3. The False Dichotomy of “Ahlulbait vs. Sahabah”
When appealing to their primary sources, Shi’ite polemicists and scholars often appeal to the false dichotomy of “the Prophet’s Family vs. the Prophet’s Companions.” In this fallacious appeal, the disagreement between Sunnis and Shias is simply reduced to the supposed notion that Sunnis chose the Sahabah as the transmitters of the Prophet’s legacy while the Shia chose Ahlulbait.
Aside from the fact that this notion is blatantly false, this dichotomy has no historical basis. The reality of the matter is that the companions of the Prophet ALONG with his family were key eye-witnesses to various events in the Prophet’s life, hence why the Sunni tradition does not draw this distinction in the first place.

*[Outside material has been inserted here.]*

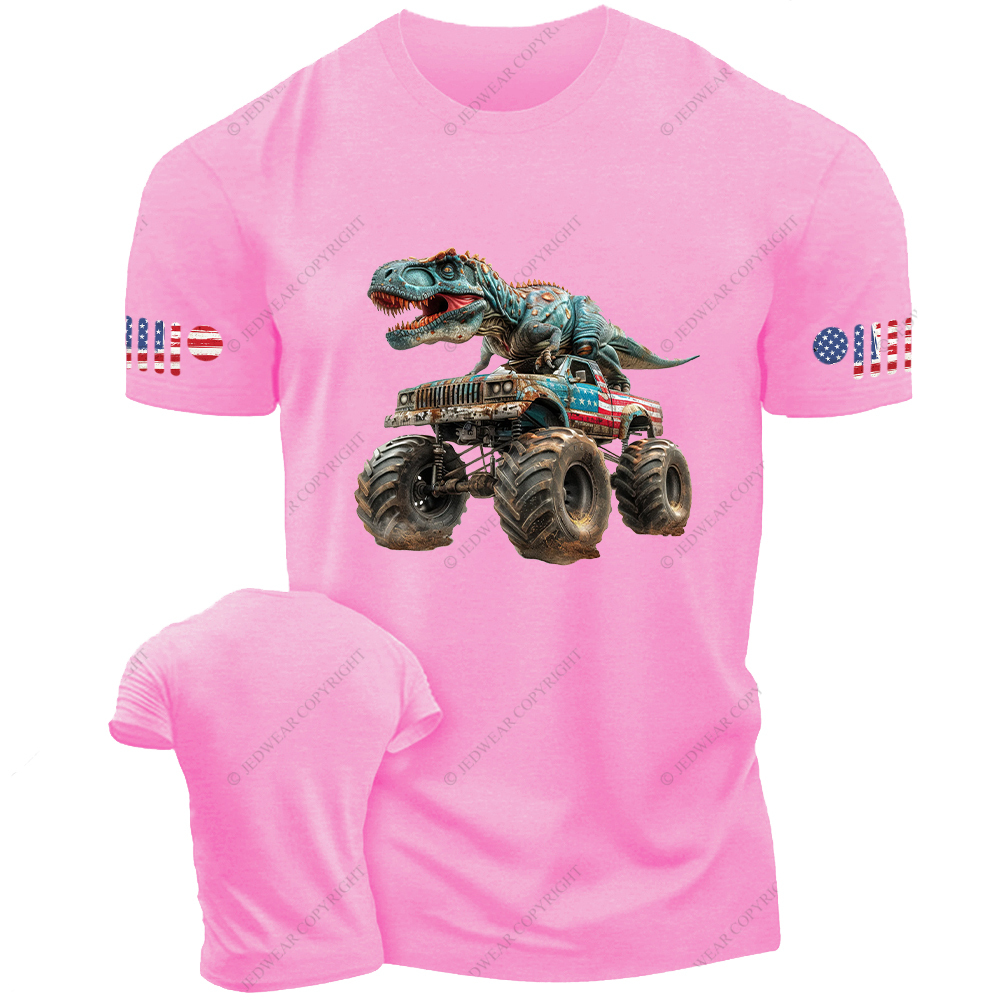 Dinosaur with Truck Patriotic Monster T-Rex Jp T-Shirt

Sunni sources draw their material from all major eyewitnesses during the Prophet’s life, whether they be from his wives, relatives, neighbors, congregants, friends, and companions.
Here is an example of this false dichotomy being employed by Shi’ite polemicist and apologist, Ammar Nakshawani:
Timestamp: 6:01 – 6:28.
This faulty approach to history leads to a new problem that faces Shi’ite sources…
4. The Lack of Eyewitness Testimonies in Shi’ite Sources
Eyewitness accounts are crucial when evaluating and studying the lives and teachings of historical figures. Historians, in fact, give precedence to eye-witness accounts over second-hand testimonies.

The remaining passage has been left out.